» TASK DIRECTIONS
When you return the data, keep every line exactly as it is and leave out the pictures.

» RECORDED DATA
=== Begin Enclosure ===

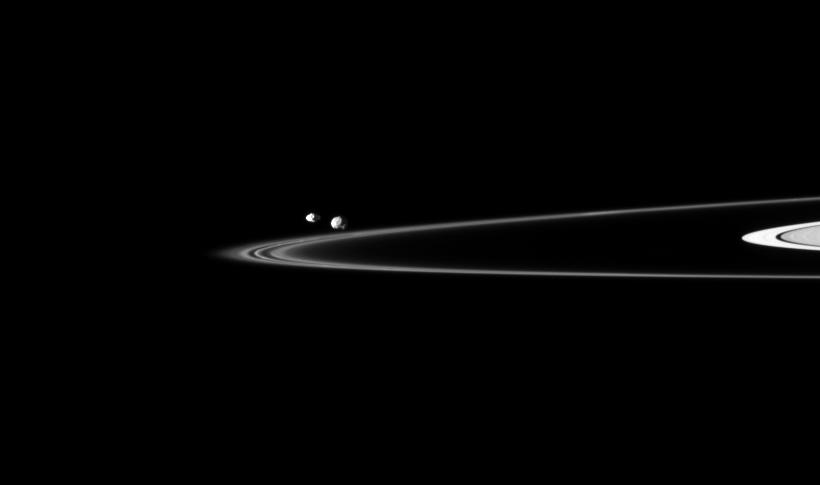 Two of Saturn's small moons can be seen orbiting beyond the planet's thin F ring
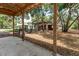 Detached carport next to a building with garage doors and a fenced yard at 2115 W Pipkin Rd, Lakeland, FL 33811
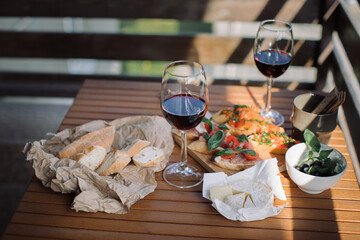 Red wine, brushettas with vegetables, salami and basil, black olives, bread and cheese on wooden table on summer terrace. Home party concept.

=== End Enclosure ===

» EXERCISE OUTPUT
 Two of Saturn's small moons can be seen orbiting beyond the planet's thin F ring
 Detached carport next to a building with garage doors and a fenced yard at 2115 W Pipkin Rd, Lakeland, FL 33811
 Red wine, brushettas with vegetables, salami and basil, black olives, bread and cheese on wooden table on summer terrace. Home party concept.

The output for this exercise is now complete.